The infamous twin prime conjecture states that there are infinitely many pairs of distinct primes which differ by $2$. Until recently this conjecture had seemed to be far out of reach with current techniques. However, in April 2013, Yitang Zhang proved the existence of a finite bound $B$ such that there are infinitely many pairs of distinct primes which differ by no more than $B$. This is a massive breakthrough, making the twin prime conjecture look highly plausible, and the techniques developed help us to better understand other delicate questions about prime numbers that had previously seemed intractable.

Zhang even showed that one can take $B = 70000000$. Moreover, a co-operative team, Polymath8, collaborating only online, had been able to lower the value of $B$ to ${4680}$. They had not only been more careful in several difficult arguments in Zhang’s original paper, they had also developed Zhang’s techniques to be both more powerful and to allow a much simpler proof (and this forms the basis for the proof presented herein).

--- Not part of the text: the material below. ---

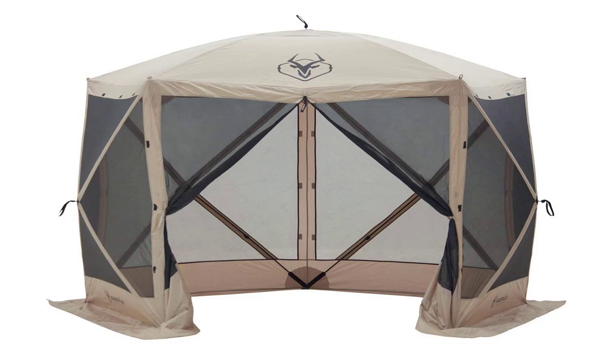Everyone that sees it is amazed. I've opened it and closed it for several people and they stand there in jaw-dropping amazement just like I did when we first set it up. I've had other versions of screen tents before and they are more difficult to put up alone, some weighed more than this one, and almost all eventually had the zippers fail. The Gazelle has the best zipper in the world — YKK. I'm confident the zipper will stand the test of time and it was one of the reasons I chose this above other similar products.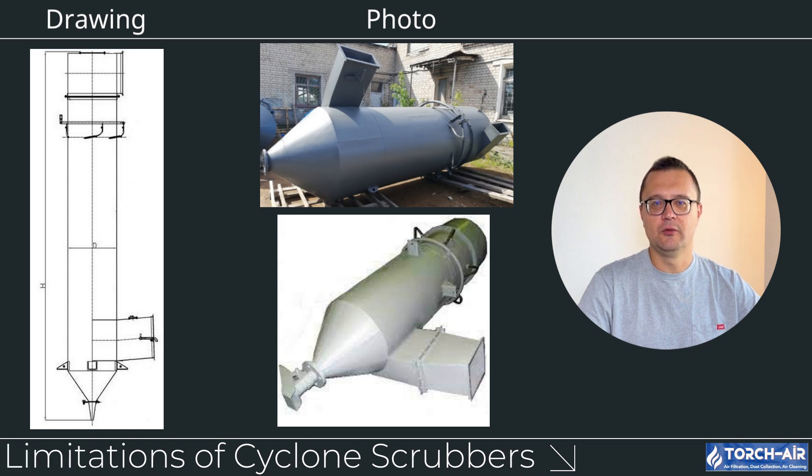No system is perfect, and Cyclone Scrubbers do have some limitations. Even with a scrubbing liquid, they can struggle to capture ultra-fine particles compared to more advanced systems like bag houses or electrostatic precipitators — if your process generates a lot of fine particulates, especially below 2 microns, a Cyclone Scrubber may not achieve the desired removal efficiency. Like other wet scrubbers, they require a constant supply of scrubbing liquid, which can be a limitation in water-scarce areas. There is also a corrosion risk if the gases being treated are corrosive, requiring resistant materials like stainless steel or special coatings, which add to system cost.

In November 2013, inspired by Zhang’s extraordinary breakthrough, James Maynard dramatically slashed this bound to $600$, by a substantially easier method. Both Maynard and Terry Tao, who had independently developed the same idea, were able to extend their proofs to show that for any given integer $m\geq 1$ there exists a bound $B_m$ such that there are infinitely many intervals of length $B_m$ containing at least $m$ distinct primes. We will also prove this much stronger result herein, even showing that one can take $B_m=e^{8m+5}$.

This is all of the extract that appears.